The present work demonstrates ferroelectric to antiferroelectric transition aided electric field control of positive and negative electrocaloric effects (ECE). In this context, epitaxial PbZrO₃ (PZO) thin films were grown on (111) Nb:SrTiO₃ single crystal substrates by the sol–gel method, and the epitaxial growth was confirmed by atomic resolution scanning transmission electron microscopy (STEM) high angle annular dark field (HAADF) images. The structural and elemental analysis revealed a gradual increase of natural lead volatilization from the middle to the top in PZO thin films.

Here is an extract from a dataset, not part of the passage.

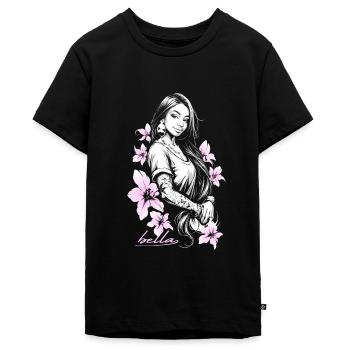 Bella blossom latina chicca - T-shirt Premium bio Ado - noir - Devant - AI Model Teenager Male light (155cm)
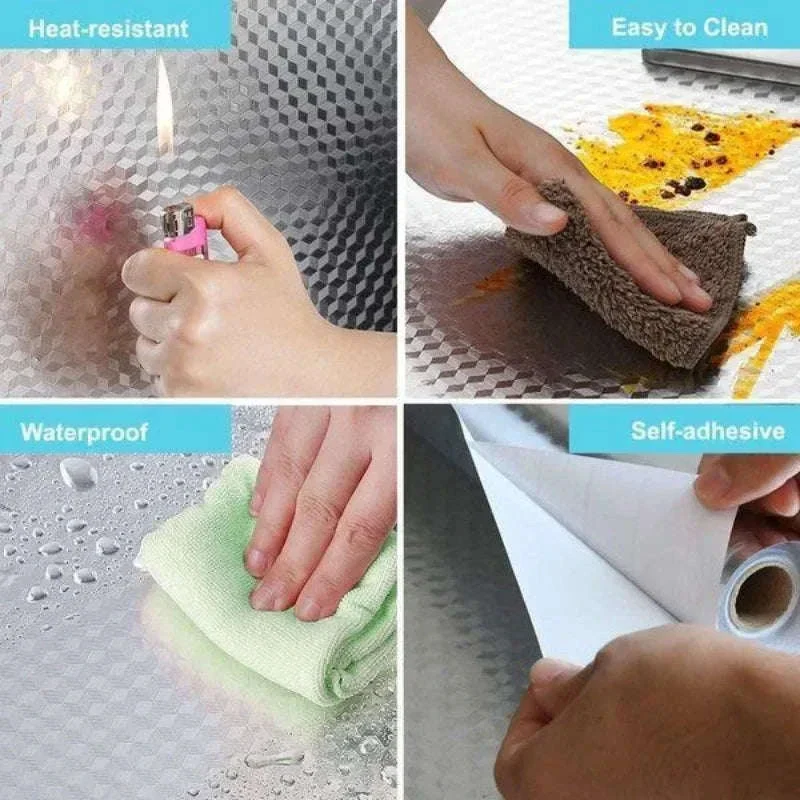 Self-Adhesive Aluminum Foil Kitchen Wallpaper Stickers - Image 2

The electrocaloric effect (ECE) was calculated using Maxwell equations corresponding to 10 kHz and 100 Hz P–E data and was found to be −10.5 K (negative ECE) at 375 K and 30 K (positive ECE) at 300 K. Intriguingly, both negative and positive ECE were found in the same phase transition sequence, that is, from an antiferroelectric phase to a ferroelectric phase. The frequency dependence of ECE is found to be dependent on the polarization switching dynamics and kinetics. These results are not only scientifically important for providing an easy way to combine the negative and positive ECE together to further enhance the cooling efficiency but are also technically important for future ECE devices.